Offen bekannte er sich bei « REPORTER Live » auch zu einer Verlängerung der Dreierkoalition (« Wenn ich mir unsere Bilanz anschaue, dann lautet das Motto: Never Change a Winning Team ») und zu seinem Wunsch, vielleicht nach diesen Wahlen endlich Premierminister zu werden. « Deemools krut ech virgeheit ech wär en arroganten Iesel », kokettierte Schneider. Seine Schlagfertigkeit paart der « Straighttalker » jedenfalls punktuell auch mit erfrischender Ehrlichkeit: « Wahrscheinlich bin ich noch immer arrogant. »
Ein Außenseiter, der keiner sein will
Auch LSAP-Urgestein Jean Asselborn ist für eine Weiterführung des blau-rot-grünen Gewinner-Teams. Als Außenminister ist er rund um den Globus gereist, nach « Gambia » hat er es aber noch nie geschafft, wie er während einer Fahrt im « Waltaxi » von RTL verrät. Die Hauptstadt des afrikanischen Landes kennt er auf jeden Fall nicht. Auf diese Frage hin, tippte er auf Bangui. Richtig ist aber Banjul. Knapp daneben. « Et ass mer awer egal », sagt « de Jang » kurz und knapp.

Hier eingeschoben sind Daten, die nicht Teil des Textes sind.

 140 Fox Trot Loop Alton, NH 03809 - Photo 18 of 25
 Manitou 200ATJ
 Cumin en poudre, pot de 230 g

Jean Asselborn ist übrigens nicht der treueste REPORTER-Leser. Unser Asselborn-Porträt « Der Außenseiter » habe er « nicht ganz » gelesen, sagte er « RTL ». Und weicht dann vom Thema ab. Sozialisten seien keine Außenseiter, so sein Argument. Dass es in unserem Artikel nicht um Asselborn als Sozialisten, sondern um ihn in seiner Rolle als Außenminister und eigenwilliges Regierungsmitglied geht, blendet er in seiner Antwort aus. Die Moderatorin hakt also noch einmal nach. Dann: « Ich bin kein Außenseiter. Ich bin kein Einzelkämpfer. Ich habe meine Arbeit getan, so gut wie ich konnte. »
Und er will weitermachen. Dieses Jahr würde er zum achten Mal in den Wahlkampf ziehen, so Asselborn nicht ohne Stolz. Als passionierter Radfahrer hat er Ausdauer – auch in der Politik. « Wat wier eng Demokratie ouni Walen? Dat ass jo de Pepp. » Und ein bisschen « Pepp » alle fünf Jahre muss ja auch reichen.